It was the smile he had smiled when I received him at Varanasi railway station in India’s Uttar Pradesh state. He hated traveling out of hometown Guwahati, the capital of Assam. But I had insisted he came to Varanasi for grandfather’s pind-daan – Hindu ritual to release spirits from worldly attachments – before I was transferred out.
I was never close to father. He was too much of a perfectionist for company. His face often wore a frown, he was short-tempered and almost always preoccupied with his office work.
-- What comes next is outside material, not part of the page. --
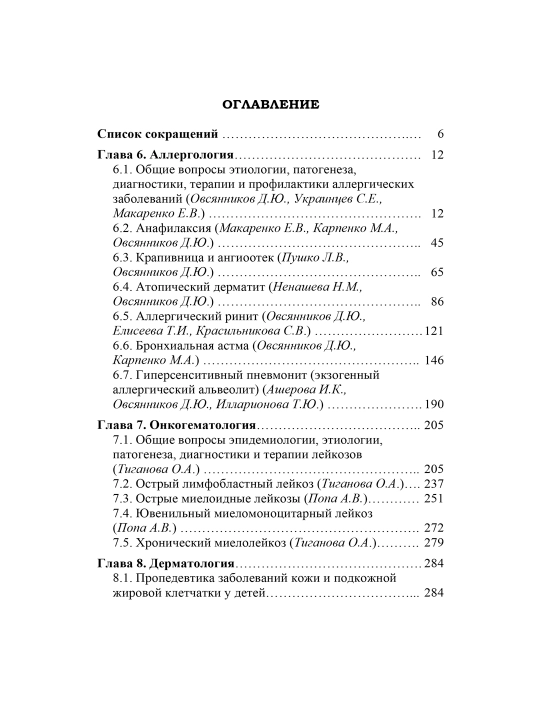 Педиатрия Том 3,  Д.Ю. Овсянников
But he had a big heart — we took a long time realizing that — and was the best person to go to for English lessons.
For someone who studied in a ramshackle Bengali-medium school, he had this remarkable capability of churning out optimistic, pessimistic and neutral substances of every Tennyson, Wordsworth or Longfellow poem in our syllabus. And drafting letters that had in three two-sentence paras more content and punch than a three-page memo.
Baba (Bengali for father) and I somehow never communicated beyond the formalities. The longest – precisely 11 minutes – we had conversed was the day I left for Varanasi to become The Indian Express’ Eastern UP correspondent.
During the five days he stayed in Varanasi, father was uncharacteristically reticent. “When are you coming home?” he asked after boarding the Guwahati-bound train. “Soon,” I replied as the train began to move.
The soonest I could manage a home posting was five years. Father smiled when I stepped through the door. He kept on smiling, and I failed to understand why mother said he was unmanageable. I came to know in 24 hours.
For the next five years until his death in December 2004, I was closer to father than anyone else. But he never felt it.
Guess no one with Alzheimer’s does. Not yet.